EXERCISE INSTRUCTIONS: Start the output with the opening line of the listing below and continue, reproducing each line exactly, up to and including the line that contains "Б/у керамическая ванна. 135х70 см.".

RECORDS SHOWN:

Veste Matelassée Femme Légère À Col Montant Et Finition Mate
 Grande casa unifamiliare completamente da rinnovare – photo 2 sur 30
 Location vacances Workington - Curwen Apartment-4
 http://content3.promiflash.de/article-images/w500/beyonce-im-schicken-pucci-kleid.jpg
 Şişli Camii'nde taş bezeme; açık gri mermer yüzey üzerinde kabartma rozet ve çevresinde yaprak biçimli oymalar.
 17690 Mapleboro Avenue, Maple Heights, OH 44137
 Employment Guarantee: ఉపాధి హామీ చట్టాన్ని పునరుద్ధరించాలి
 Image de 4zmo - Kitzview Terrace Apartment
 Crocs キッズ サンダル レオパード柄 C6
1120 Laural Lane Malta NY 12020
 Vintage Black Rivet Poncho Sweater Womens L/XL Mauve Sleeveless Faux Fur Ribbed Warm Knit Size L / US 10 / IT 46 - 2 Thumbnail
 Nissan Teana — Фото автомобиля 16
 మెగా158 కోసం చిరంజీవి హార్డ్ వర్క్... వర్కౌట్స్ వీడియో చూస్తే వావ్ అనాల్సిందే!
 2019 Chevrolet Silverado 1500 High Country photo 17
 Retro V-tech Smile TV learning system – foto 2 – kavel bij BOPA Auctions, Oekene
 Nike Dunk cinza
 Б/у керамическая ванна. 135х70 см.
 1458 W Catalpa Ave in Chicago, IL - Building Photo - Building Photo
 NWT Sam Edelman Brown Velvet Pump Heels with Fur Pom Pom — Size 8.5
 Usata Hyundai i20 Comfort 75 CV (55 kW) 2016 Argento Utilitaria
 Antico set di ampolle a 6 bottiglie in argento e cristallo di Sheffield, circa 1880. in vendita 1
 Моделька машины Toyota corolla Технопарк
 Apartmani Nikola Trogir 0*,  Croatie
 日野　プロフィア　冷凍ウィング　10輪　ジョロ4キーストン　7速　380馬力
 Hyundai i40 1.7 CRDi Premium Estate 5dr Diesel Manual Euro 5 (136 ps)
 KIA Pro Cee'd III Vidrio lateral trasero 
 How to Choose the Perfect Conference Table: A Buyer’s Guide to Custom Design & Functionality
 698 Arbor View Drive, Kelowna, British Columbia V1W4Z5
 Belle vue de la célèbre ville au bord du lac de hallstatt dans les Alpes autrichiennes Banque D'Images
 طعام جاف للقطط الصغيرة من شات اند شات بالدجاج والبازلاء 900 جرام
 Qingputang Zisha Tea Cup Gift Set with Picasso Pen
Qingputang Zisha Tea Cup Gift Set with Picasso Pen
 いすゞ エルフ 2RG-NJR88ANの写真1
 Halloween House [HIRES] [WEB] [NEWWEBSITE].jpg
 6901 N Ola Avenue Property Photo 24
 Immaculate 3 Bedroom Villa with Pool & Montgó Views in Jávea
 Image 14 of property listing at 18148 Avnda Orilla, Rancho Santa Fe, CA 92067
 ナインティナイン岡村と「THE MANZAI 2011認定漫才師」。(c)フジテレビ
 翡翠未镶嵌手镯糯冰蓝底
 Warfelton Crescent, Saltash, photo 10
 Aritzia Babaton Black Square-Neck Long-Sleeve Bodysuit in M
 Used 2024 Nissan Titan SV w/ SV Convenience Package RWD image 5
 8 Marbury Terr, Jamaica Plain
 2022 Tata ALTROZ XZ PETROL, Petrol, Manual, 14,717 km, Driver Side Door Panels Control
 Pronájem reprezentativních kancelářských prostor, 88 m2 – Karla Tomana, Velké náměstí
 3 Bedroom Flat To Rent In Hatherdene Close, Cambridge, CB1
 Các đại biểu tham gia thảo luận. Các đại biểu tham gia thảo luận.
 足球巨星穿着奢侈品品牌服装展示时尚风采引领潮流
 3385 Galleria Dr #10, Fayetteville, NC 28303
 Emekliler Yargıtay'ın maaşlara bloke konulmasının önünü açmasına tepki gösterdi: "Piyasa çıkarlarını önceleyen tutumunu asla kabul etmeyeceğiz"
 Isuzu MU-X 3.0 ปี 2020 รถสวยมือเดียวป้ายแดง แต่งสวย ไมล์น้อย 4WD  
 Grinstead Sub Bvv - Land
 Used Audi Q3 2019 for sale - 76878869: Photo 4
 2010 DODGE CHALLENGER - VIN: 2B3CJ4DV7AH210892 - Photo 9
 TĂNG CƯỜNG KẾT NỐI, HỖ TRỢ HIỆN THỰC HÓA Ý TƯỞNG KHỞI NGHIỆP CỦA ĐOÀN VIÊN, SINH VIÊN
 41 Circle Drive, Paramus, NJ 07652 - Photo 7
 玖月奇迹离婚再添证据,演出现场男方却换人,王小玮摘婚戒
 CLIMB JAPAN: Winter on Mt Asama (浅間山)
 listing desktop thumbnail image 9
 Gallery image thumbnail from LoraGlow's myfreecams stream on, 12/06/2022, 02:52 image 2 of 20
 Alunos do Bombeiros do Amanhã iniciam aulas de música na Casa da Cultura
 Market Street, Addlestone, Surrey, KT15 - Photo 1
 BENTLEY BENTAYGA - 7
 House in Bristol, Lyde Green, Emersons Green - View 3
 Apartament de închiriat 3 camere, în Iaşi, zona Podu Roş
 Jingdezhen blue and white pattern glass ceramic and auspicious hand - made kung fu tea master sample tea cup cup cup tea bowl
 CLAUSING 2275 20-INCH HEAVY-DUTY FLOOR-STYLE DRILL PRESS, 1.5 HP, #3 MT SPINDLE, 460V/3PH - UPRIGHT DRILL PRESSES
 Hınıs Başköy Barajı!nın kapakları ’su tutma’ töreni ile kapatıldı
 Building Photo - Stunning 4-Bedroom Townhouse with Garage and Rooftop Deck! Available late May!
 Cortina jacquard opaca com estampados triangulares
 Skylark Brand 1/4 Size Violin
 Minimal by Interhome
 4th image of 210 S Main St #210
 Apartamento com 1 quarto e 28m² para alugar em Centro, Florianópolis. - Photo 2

WRITTEN ANSWER:
Veste Matelassée Femme Légère À Col Montant Et Finition Mate
 Grande casa unifamiliare completamente da rinnovare – photo 2 sur 30
 Location vacances Workington - Curwen Apartment-4
 http://content3.promiflash.de/article-images/w500/beyonce-im-schicken-pucci-kleid.jpg
 Şişli Camii'nde taş bezeme; açık gri mermer yüzey üzerinde kabartma rozet ve çevresinde yaprak biçimli oymalar.
 17690 Mapleboro Avenue, Maple Heights, OH 44137
 Employment Guarantee: ఉపాధి హామీ చట్టాన్ని పునరుద్ధరించాలి
 Image de 4zmo - Kitzview Terrace Apartment
 Crocs キッズ サンダル レオパード柄 C6
1120 Laural Lane Malta NY 12020
 Vintage Black Rivet Poncho Sweater Womens L/XL Mauve Sleeveless Faux Fur Ribbed Warm Knit Size L / US 10 / IT 46 - 2 Thumbnail
 Nissan Teana — Фото автомобиля 16
 మెగా158 కోసం చిరంజీవి హార్డ్ వర్క్... వర్కౌట్స్ వీడియో చూస్తే వావ్ అనాల్సిందే!
 2019 Chevrolet Silverado 1500 High Country photo 17
 Retro V-tech Smile TV learning system – foto 2 – kavel bij BOPA Auctions, Oekene
 Nike Dunk cinza
 Б/у керамическая ванна. 135х70 см.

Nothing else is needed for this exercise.